Search code examples
tensorflowdistributeddeep-learning

Failed to run tensorflow distributed MNIST test


I installed tensorflow 0.8 by building from source. I use AWS EC2 g2.8xlarge instance which has 4 GPUs. I tried to run tensorflow distributed mnist test, code in here: https://github.com/tensorflow/tensorflow/blob/master/tensorflow/tools/dist_test/scripts/dist_mnist_test.sh

my script:

bash dist_mnist_test.sh "grpc://localhost:2223 grpc://localhost:2224"

and I got this message:

E0609 14:53:07.430440599   62872 tcp_client_posix.c:173]     failed to connect to 'ipv4:127.0.0.1:2223': socket error: connection refused
E0609 14:53:07.445297934   62873 tcp_client_posix.c:173]     failed to connect to 'ipv4:127.0.0.1:2224': socket error: connection refused

Any one know what is wrong here?
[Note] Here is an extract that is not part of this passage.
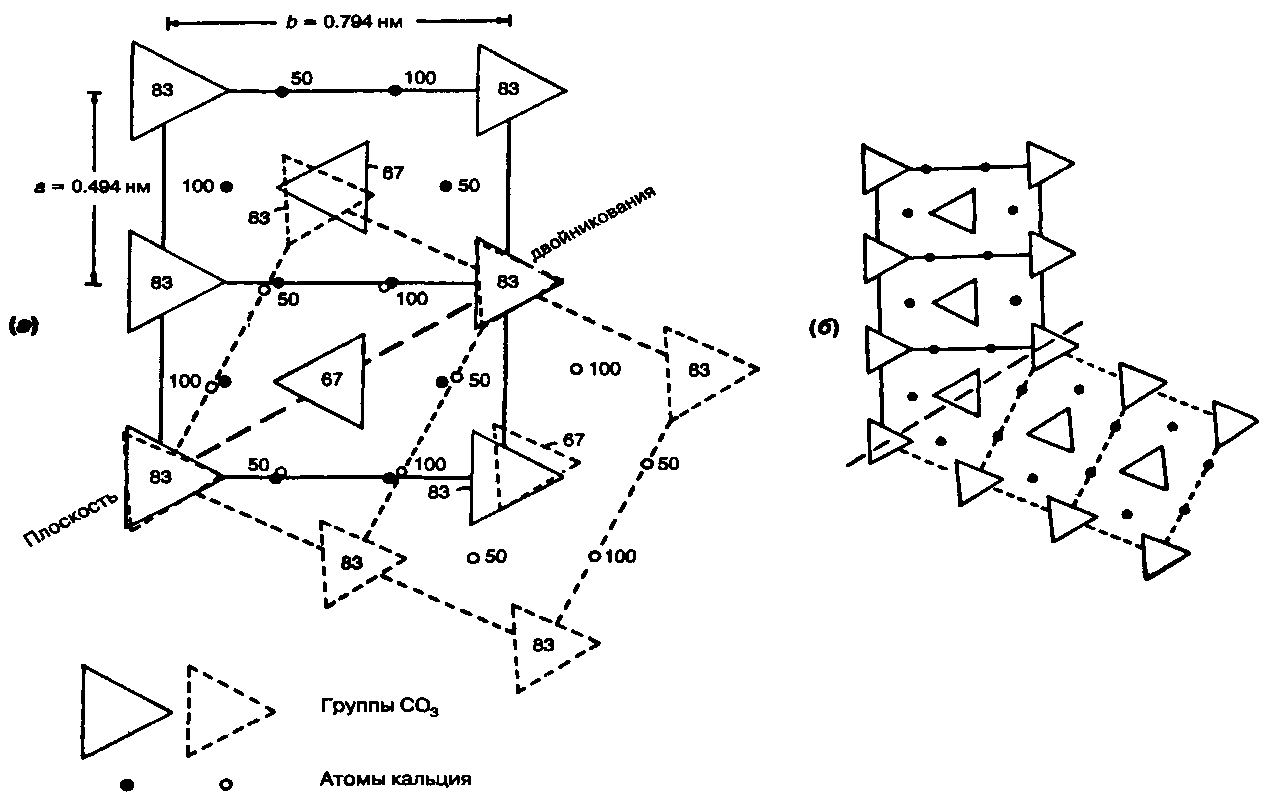 microsystemy_ru_articles_dopolnitelnie_formi_i_enantiomorfizm_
Thanks a lot!


Solution

  • This script does not run standalone. In particular, it expects that you have created a TensorFlow cluster with workers running at each of the addresses before running the script. The create_tf_cluster.sh script can set up such a cluster using Kubernetes. The dist_test.sh script runs these scripts end-to-end.

    See my answer to your other question, which has a suggested script for running MNIST on distributed TensorFlow.